1. The problem statement, all variables and given/known data
z(x^2+y^2+z^2)^(-3/2) where x^2+y^2+z^2 ≤ 4 and z ≥ 1

3. The attempt at a solution
So spherically this comes down to cos∅sin∅dpdθd∅
p goes from 0 to 2, theta goes from 0 to 2pi, but I don't know how to figure out what ∅ goes from? i'm trying use trig identities but i'm getting the wrong answer, so maybe this don't work since the sphere is curved?

2. Nov 8, 2013

vela

Staff Emeritus
Your limits for $\rho$ aren't correct. For example, consider the part of the z-axis which is inside the solid. It's only the part where 1 ≤ z ≤ 2. This would be inconsistent with $\rho \le 1$, yet your lower limit for $\rho$ is 0.
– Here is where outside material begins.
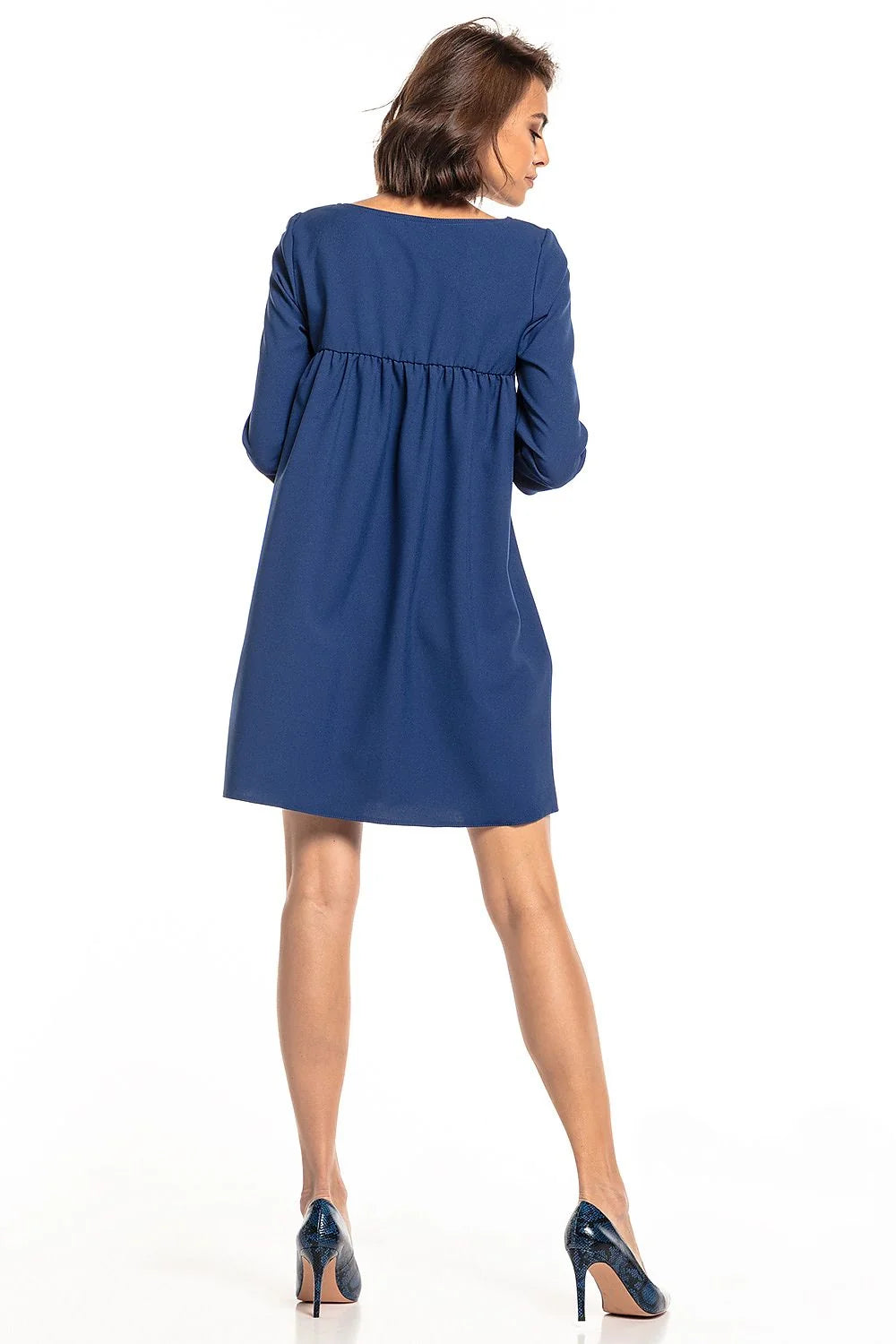 Robe ample polyester vert foncé style trapèze manches trois-quarts élégante chic pour toutes occasions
In this case, you have cylindrical symmetry, so try drawing a cross section of the surface through, say, the xz plane. You should be able to see pretty easily the limits of $\phi$, and you'll have to figure out the limits of $\rho$ as a function of $\phi$.

3. Nov 8, 2013

haruspex

Given the bounds, it might be easier to handle in cylindrical.